Posted by: mdegeorge | July 28, 2011

Belichick’s Patriots up to old tricks in NFL feeding frenzy

Like him or hate him (and for most of us, it’s certainly the latter), Bill Belichick and the New England Patriots are always on the move. They don’t always have the most salary cap available or the most visible needs to fill. But the Patriots in the Belichick era are always willing to push the envelope, masters at recouping value from late-round picks by smartly shuffling to get their man, acquiring over-performers on the cheap and the other types of front office sleight-of-hand that separate them from teams like, well, the Buffalo Bills.

The kind of decisions made by the club Thursday are the type of devious low-risk, high-reward moves that help sustain the success they have enjoyed over the last decade. They’re essentially scrap-heap acquisitions. You know, like the one where a fourth-round pick flipped to Oakland turned into two All-Pro selections in three-plus years of Randy Moss. Or getting rid of an overpaid, underperforming starter like Laurence Maroney to have waiver-wire pick-up Danny Woodhead step in and attain cult-hero status. Or managing to tease a combined three Pro Bowl selections as part of two Super Bowl winning teams from veterans like Corey Dillon and Rodney Harrison, guys deemed problems past their primes.

Albert Haynesworth may find the Patriots a much-needed and welcoming new home. (Photo via Flckr user Keith Allison)

Thursday’s moves were of that ilk. For three draft picks – a fifth-rounder for sure and a pair of “late-rounders” according to ESPN – the Pats have picked up two pieces of All-Pro talent that it hopes to resuscitate and separate from off-field travails in Chad Ochocino and Albert Haynesworth.

It’s not just the low price they paid to acquire both undeniable talents. They also managed to get both to agree to restructure their hefty deals for the greater good. Ochocinco is due $6.35 million this season but has already agreed to restructure the deal. Haynesworth, who is entering the third season of a seven-year, $100 million pact, agreed to the deal with the condition that he would be open to renegotiating his contract, of which the 2011 base salary is $5 million.

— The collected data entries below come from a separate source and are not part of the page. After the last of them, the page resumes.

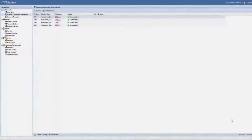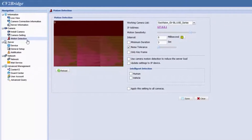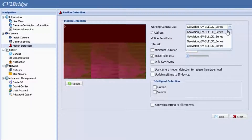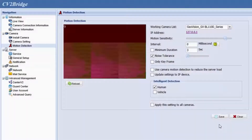It is simple to set up the feature. After you edit the cameras, please go to motion detection in the camera section. Choose the camera from the working camera list. Then enable human or vehicle detection in the intelligent detection below. Don't forget to click save to apply the settings.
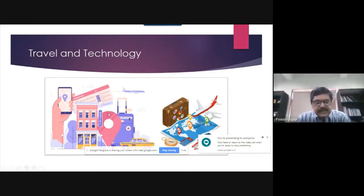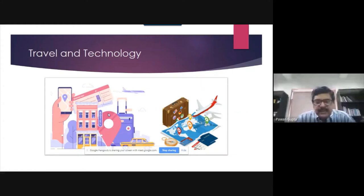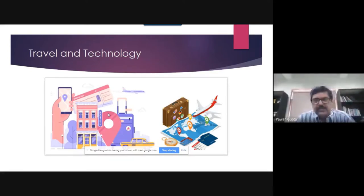Dear students, it is our privilege today that we have amongst us Ms. Sonia Bansal, who is the Digital Vice President of a company called RateGain. She'll be taking us through the journey of how the travel industry works. The clientele of RateGain includes companies like MakeMyTrip and Expedia. Today we are going to learn the technology behind the operation of online travel agents.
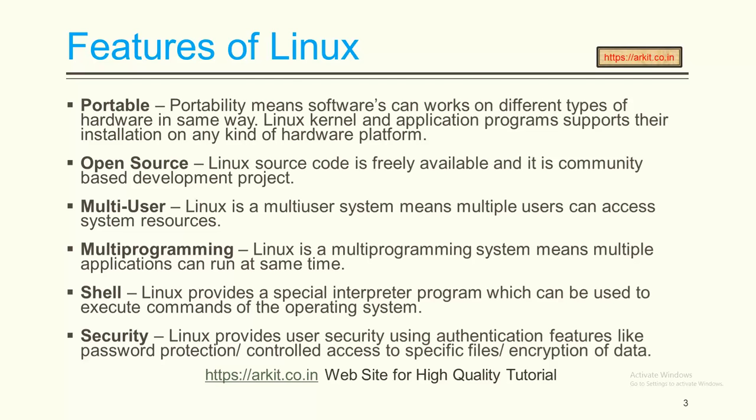Shell - Linux provides a special interpreter program which can be used to execute commands of the operating system. The shell is an interpreter. Whenever you type any commands, the command will be executed on the shell.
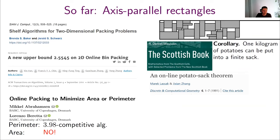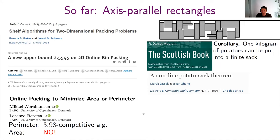As I mentioned, there has been some research on this for axis-parallel rectangles. There is a paper from the early 1980s on online strip packing of axis-parallel rectangles, and another on bin packing. Together with Lorenzo, who is also an author of this work, we had a paper at SoCG last year where we proved that for perimeter packing of axis-parallel rectangles, we can get a 3.98-competitive algorithm. But if we want to minimize the area of the bounding box, there's no algorithm for it. And then there is the square packing result.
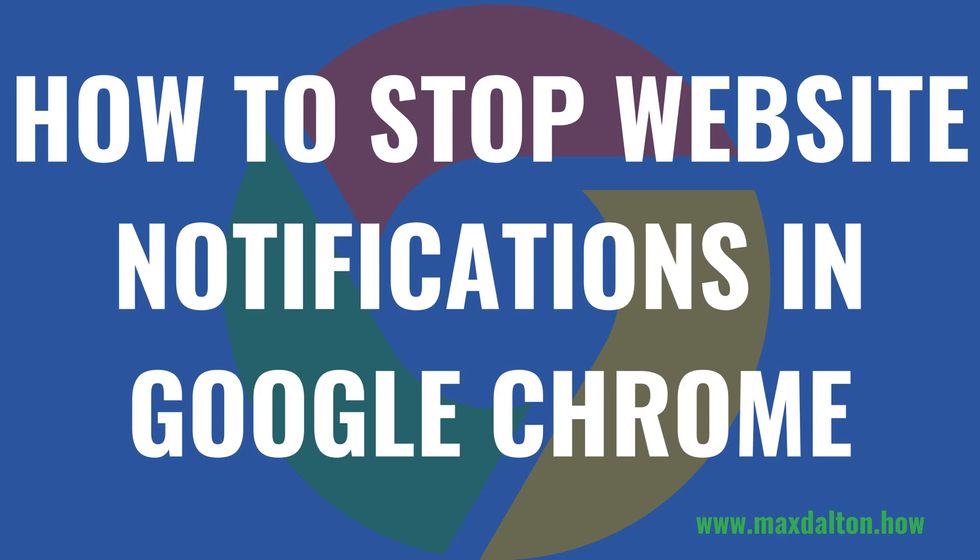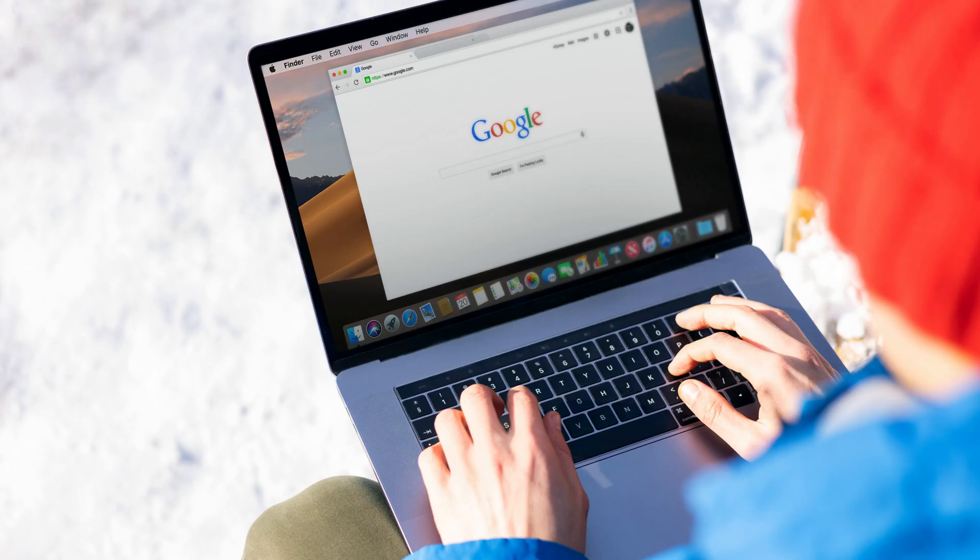I'm Max Dalton, and in this video I'll show you how to stop website notifications from popping up in Google Chrome. Getting website notifications in Google Chrome can be great for staying on top of news sites and social media.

The financial terms work, but it’s also the human element that the Patriots are so good at managing. Belichick is the man in the locker room; any player wishing to wage the player-vs.-coach war already knows the outcome, and it’s not to their liking. The second-biggest weight being thrown around in any conflict belongs to Tom Brady, so don’t expect any “him or me” spats like the one Ochocinco and Carson Palmer were embroiled in in Cincinnati.

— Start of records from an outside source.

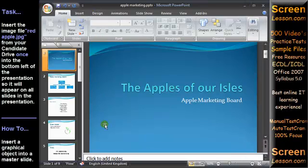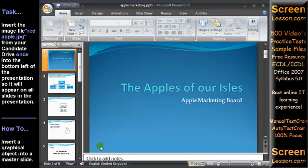Insert the image file red apple from your candidate drive once into the bottom left of the presentation so it will appear on all slides in the presentation.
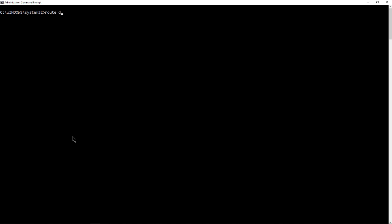So we'll do a route space delete. Now you have to spell out the whole thing. You can't abbreviate it like you can in Cisco. And then type in the 192.168.16.0. We'll put in the mask that we saw and the gateway.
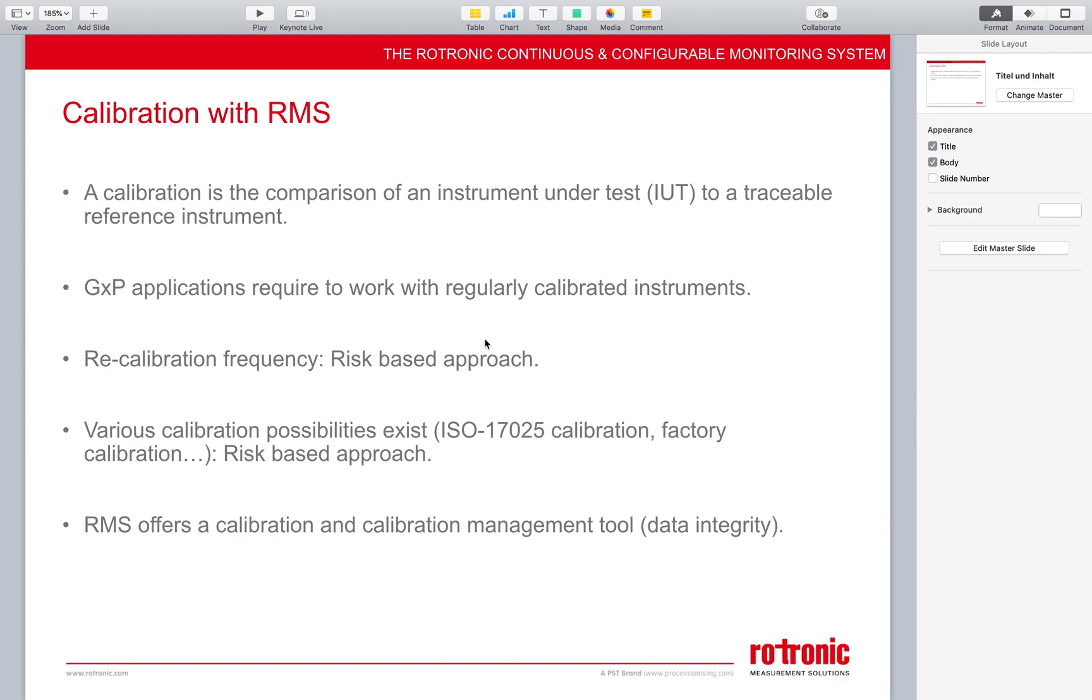We do have various calibration possibilities, for example, an ISO 17025 calibration or a factory calibration. And the same thing here will follow for GXP applications, the risk based approach. Within RMS, we offer a calibration and calibration management tool. The good thing is here it helps with the data integrity.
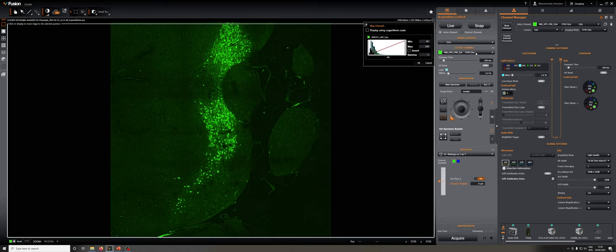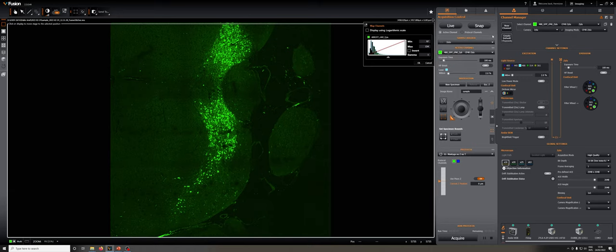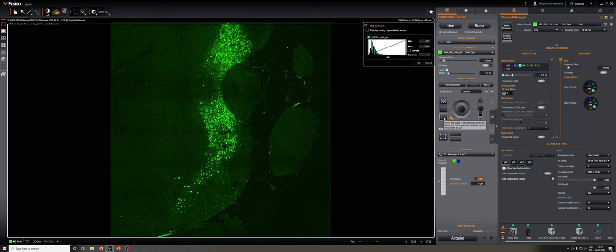There are a few other things we can do here. We can change the kind of sample holder — we'll go over this in a separate video discussing how to use multi-well plates. We can snap images, change the image name, and there are a few other controls I'm not going to go into in much detail. Since we don't want to move around anymore in the sample, I'm going to turn this off so that when I click on the image, I don't accidentally navigate to wherever I clicked.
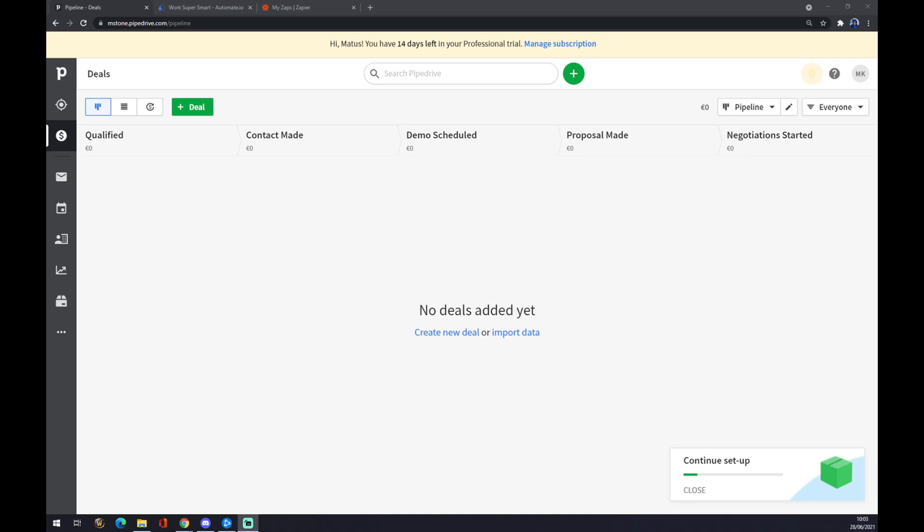Hello guys, my name is Matthew, and in today's video I will show you how you can integrate Pipedrive with Xero.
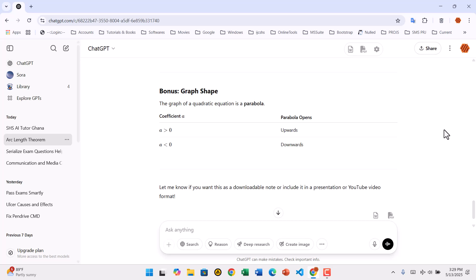With the extension activated, you'll now see two sets of export options. Right below each ChatGPT response, you'll see small Word and PDF icons. These let you export just that specific response. You'll also notice another set of export icons at the top right corner of the chat window. These let you export the entire conversation, either including your prompts or just ChatGPT's responses.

Ochocino knows he won’t be the star in New England thanks to the presence of Wes Welker, Deion Branch and a plethora of other options for a balanced offense. Plus, it helps that he regards Belichick as “a friend”, a relationship the grizzled coach dubbed “an odd couple”.

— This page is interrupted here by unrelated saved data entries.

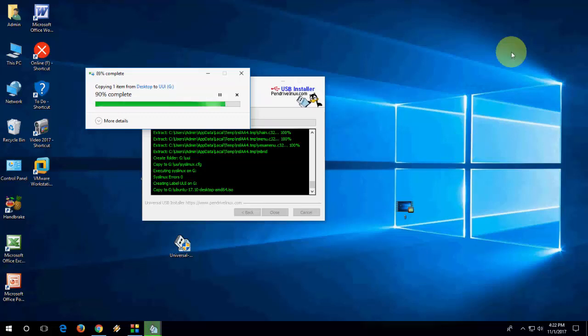I am fast forwarding this video. As I said, it will take around 5 to 10 minutes to make a bootable pen drive.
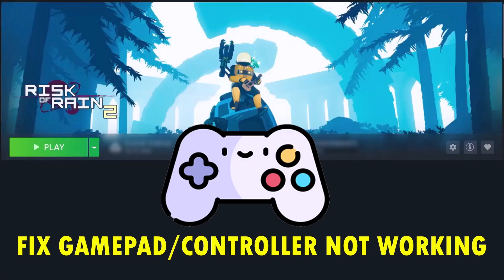So I hope by following these fixes you can easily fix gamepad or controller not working in Risk of Rain 2 game. That's all for this video. If this video helped you then please like and share this video and also subscribe to my YouTube channel to get the latest updates. Thank you.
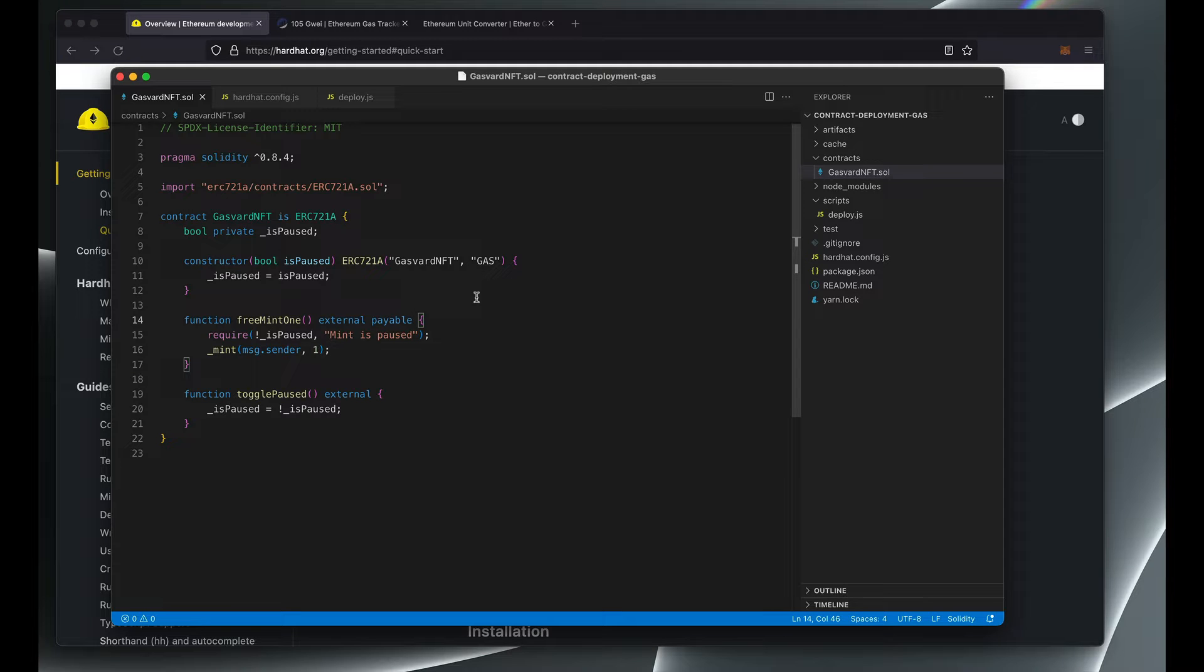How much does it cost to deploy a smart contract to the mainnet? Sometimes that can be very confusing to developers, and so in this video I want to show you a very simple trick that you can use to calculate exactly how much ETH you need to have in your wallet so that your contract deployment transaction succeeds.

The weight of the defense won’t be on the shoulders of Haynesworth either, a role it appears he’s not mentally well-equipped to handle. A lot will be asked of him, yes, but he has another hulking man in the middle in Vince Wilfork to defect the blame and share the credit with.

It’s a mentality that bodes well for career resurgences for both men. And for something each has lacked in their pro careers: A legitimate chance at success.